The other part of me wanted to like and support this amazingly charismatic man named Barack Obama. With a fistful of cynicism I made the commitment to vote for him, because the alternative was too ghastly for me to imagine. I wanted to spend my time fighting for the ideals of a lifestyle based on mutual aid and self discovery not the basic rights that I feel should be granted to every person in the world (food, shelter, choice, freedom of religion). But as I began to learn more about this man it is not a lesser of two evils scenario that caused me to vote for him it's the unyielding sense of optimism that rests in my heart. It's hope that leads me to tears.

This morning sitting at my computer I cannot hold back the tears. For once with cynicism pushed to the back of my mind I will let that very real sense of hope that Barack Obama trumpets invade my very being. This man inspired millions with not only his charisma, but truly with his words and ideals. I was cynical, I still am cynical, but along side cynicism an unrelenting hope. Because the most radical, the most angry, the most down trodden, all cling to hope. Hope of something stronger something better hope for an alternative better than what we've had for the past 200 years and 43 presidents.

According to BBC news, "Since the end of Reconstruction - the period in the aftermath of the US civil war - there have been just three black US senators. Only two states, Massachusetts and Virginia, have elected a black governor."

With the election of a black president, what many considered the politically impossible has now become real. Barack Obama isn't an oil man, and he doesn't have interests in some other shadowy corporation. He spent his post graduate years practicing civil rights law, representing victims of housing and employment discrimination. He was active in his community making changes that mattered. He has one wife, one house, and one car, or rather he did.
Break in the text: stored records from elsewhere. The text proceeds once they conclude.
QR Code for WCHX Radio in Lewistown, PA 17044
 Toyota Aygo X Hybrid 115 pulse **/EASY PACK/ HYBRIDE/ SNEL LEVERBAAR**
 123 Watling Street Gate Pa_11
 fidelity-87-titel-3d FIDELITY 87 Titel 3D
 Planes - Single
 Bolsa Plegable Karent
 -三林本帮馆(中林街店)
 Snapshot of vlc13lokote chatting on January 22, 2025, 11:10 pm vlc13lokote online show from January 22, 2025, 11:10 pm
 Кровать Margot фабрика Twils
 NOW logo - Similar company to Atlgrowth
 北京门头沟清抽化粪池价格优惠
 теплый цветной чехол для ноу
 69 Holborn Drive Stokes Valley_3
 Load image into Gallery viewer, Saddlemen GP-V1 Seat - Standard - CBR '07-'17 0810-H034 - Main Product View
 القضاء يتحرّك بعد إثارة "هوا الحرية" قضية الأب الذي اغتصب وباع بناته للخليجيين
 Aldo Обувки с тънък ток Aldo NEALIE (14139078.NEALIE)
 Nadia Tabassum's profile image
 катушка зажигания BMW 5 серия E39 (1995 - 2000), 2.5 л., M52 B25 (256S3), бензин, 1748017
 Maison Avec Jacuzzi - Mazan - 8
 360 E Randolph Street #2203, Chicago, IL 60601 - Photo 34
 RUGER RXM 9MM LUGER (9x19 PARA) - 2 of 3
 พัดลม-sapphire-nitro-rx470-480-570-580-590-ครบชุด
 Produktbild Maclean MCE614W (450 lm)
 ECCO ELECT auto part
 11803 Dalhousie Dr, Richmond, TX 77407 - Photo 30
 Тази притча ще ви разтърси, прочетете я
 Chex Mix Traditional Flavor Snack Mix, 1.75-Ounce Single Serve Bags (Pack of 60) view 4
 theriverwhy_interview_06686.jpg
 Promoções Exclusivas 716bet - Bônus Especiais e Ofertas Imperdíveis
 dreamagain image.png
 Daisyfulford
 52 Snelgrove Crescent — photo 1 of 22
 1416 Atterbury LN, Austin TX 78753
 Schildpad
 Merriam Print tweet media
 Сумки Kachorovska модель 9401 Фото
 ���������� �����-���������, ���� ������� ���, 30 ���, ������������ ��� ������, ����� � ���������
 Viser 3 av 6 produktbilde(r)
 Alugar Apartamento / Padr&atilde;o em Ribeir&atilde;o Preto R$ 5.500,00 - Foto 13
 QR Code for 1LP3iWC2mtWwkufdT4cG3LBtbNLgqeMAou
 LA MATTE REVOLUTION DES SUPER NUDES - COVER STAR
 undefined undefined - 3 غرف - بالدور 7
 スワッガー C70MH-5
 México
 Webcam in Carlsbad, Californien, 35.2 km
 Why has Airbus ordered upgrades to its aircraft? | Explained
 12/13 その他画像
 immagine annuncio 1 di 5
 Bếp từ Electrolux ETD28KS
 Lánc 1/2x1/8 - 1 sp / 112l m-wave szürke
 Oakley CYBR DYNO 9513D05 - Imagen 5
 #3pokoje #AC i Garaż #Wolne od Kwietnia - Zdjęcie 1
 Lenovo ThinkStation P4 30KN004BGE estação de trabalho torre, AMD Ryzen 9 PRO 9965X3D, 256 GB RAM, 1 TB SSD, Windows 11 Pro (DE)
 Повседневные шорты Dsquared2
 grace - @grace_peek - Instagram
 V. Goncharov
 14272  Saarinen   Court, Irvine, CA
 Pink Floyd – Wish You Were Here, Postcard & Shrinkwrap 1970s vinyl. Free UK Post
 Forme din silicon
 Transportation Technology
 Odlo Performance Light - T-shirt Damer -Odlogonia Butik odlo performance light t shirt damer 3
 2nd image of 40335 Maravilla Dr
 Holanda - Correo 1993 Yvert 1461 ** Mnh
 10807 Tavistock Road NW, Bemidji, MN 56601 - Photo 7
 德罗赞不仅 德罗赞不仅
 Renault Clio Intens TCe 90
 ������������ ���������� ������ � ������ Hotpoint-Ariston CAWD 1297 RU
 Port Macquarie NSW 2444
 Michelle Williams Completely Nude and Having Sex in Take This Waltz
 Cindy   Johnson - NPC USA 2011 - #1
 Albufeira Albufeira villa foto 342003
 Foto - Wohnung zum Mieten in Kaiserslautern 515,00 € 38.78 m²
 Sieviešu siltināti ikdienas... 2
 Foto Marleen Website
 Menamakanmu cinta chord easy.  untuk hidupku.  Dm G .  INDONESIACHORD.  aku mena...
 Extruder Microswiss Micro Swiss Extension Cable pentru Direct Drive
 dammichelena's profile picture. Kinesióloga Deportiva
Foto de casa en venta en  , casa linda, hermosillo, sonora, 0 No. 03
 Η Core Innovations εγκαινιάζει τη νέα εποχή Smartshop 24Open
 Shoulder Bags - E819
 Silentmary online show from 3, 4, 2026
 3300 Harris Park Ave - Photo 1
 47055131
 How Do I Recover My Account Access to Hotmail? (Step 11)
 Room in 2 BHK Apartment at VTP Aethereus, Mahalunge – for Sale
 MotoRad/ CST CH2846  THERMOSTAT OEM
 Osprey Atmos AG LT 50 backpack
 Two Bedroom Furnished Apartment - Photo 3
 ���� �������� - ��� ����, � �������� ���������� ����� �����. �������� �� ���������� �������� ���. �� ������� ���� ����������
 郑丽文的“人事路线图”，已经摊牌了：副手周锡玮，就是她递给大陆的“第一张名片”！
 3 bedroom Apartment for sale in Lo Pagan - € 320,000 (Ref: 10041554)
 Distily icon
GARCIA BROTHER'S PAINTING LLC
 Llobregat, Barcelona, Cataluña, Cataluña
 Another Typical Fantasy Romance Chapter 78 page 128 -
For a country with such a rich history of racism to come together and demand a new leader despite steep odds (latent racism, blatant racism, white supremacist history, general political trends, voter purging, mud slinging etc.) and take on an establishment that repressed anything that even threatened to upset the status quo is truly exciting.

My hope is that somehow the man that sparked so many hearts will follow up on his word, will somehow have the audacity to continue to resist the lure of major corporations and the all mighty dollar staying true to his working class roots and the people he represents. I hope that this man can continue to stoke the flames of an excitement not seen since, well forever.

Last night I marched with a couple thousand college students chanting Obama on the campus of Illinois State University. Their was no fire no destruction just a bunch of half drunk kids of all races, sizes, genders, and colors excited about the history that took place tonight. Did they want to see change? Would they care after a few months? How many of them were first time voters? How many of them will be last time voters, never thinking twice about the change that is purportedly coming. One of the true challenges for Barack Obama is to figure out how to maintain the momentum of not only the youth movement, but of people taking an interest in the political process.

Barack Obama you seem like a cool guy, and I can put stock in a lot of your ideas (except border issues) but please please don't become one of them. Don't fuck this up we're all counting on you. I want to congratulate the American people for overcoming the bullshit that is American history and voting based not on race but on principle, because we all know it doesn't matter what color your paint is, but the art you create with that paint. This is a truly historic event and I'm so glad that it happened in my time. What comes after, time will only tell. This is a defining moment in U.S. history and I hope it sets the precedent for all presidential campaigns to come.

All power to the people. Barack, we'll be watching, please don't disappoint.

Also, speaking of disappointment. Dear California, what kind of self-righteous jerks are you?